Na Maybell volgen wede US 40 in de richting van Blue Mountain. Het wordt nu wel erg eenzaam. De weg waar zomaar 65 mile per uur mag worden gereden, voldoet aan alle clichés over Amerikaanse wegen. Je kunt al ver van tevoren zien waarheen de weg voert. Af en toe een bocht, maar verder kaarsrecht. Het landschap is hier weer anders. We zien hele kuddes elk. Als ik bij een tussenstop iet sanitairs sta te doen springen twee konijnen op.

Bij Blue Mountain vlak bij genoemd Dinosaur Natl Park, verandert de wereld opnieuw. Eerst rijden we door een sterk geërodeerd landschap met ondiepe canyons en dan rijden we door een kaal gebied vol jaknikkers. Bij Rangeley komen we op weg 139 naar Loma.

Loma en de I-70

Douglas Pass

De 139 voert door Indianenland zoals wij dat kennen uit western films. De bergen hebben door erosie de vreemdste vormen gekregen. Plots begint de weg naar de Douglas Pass (8268 ft). Je merkt dat omdat de weg ineens steil omhoog gaat. Qua weg zou het zo een bergpas in Zwitserland kunnen zijn. Na de pas daalt het ook weer steil. Boven op de pas kan je enorm ver kijken.

Loma

Na de afdaling wordt het landschap weer vriendelijker. Weilanden en bij de boerderijen bomen. Waar we ons gisteren verbaasden over bomen op grote hoogte, hebben we er vandaag zeker op de bergen niet veel gezien. Het kan verschillen.

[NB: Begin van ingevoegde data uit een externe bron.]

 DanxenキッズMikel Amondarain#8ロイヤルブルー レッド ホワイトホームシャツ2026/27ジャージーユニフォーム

Daar we al vroeg in Loma zijn, zien we af van ons plan om naar Fruita te rijden voor de overnachting. In plaats daarvan besluiten we om vast over de I-70 een stuk Utah in te rijden tot Green River.

Utah

Voor Colorado rest de vaststelling, dat we aan het einde van onze reis weer terug komen en dat de kreet “Colorado the colorfull” te bescheiden is. Colorado heeft ons hart gestolen.

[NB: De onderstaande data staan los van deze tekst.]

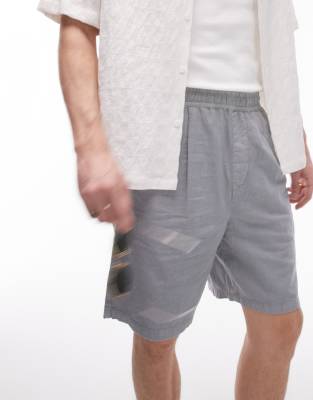 Topman Linen Look Drop Crotch Shorts In Gray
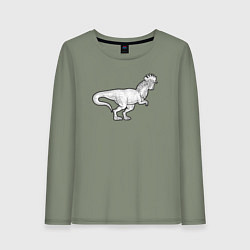 Женский лонгслив Петух динозавр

De I-70 voert ons in Utah door kale plateaus en de San Rafael desert. Die laatste is geen zandwoestijn. Er groeit wel het een en ander. Het geheel ziet eruit of het een oude zeebedding is. De bergen aan de rand versterken dat idee. Met borden wordt gewaarschuwd voor stofstormen. Tevens wordt aangegeven wat je geacht wordt te doen tijdens zo'n storm.

Was het in Colorado al uitgestrekt, hier is alles nog weidser. De erosie heeft van de bergen de meest bizarre vormen geboetseerd. Soms zien ze eruit als kathedralen of kastelen. Soms lijken ze door beginnende modelspoorbouwers van papier maché gemaakt te zijn. Soms hebben ze een olifantenhuid.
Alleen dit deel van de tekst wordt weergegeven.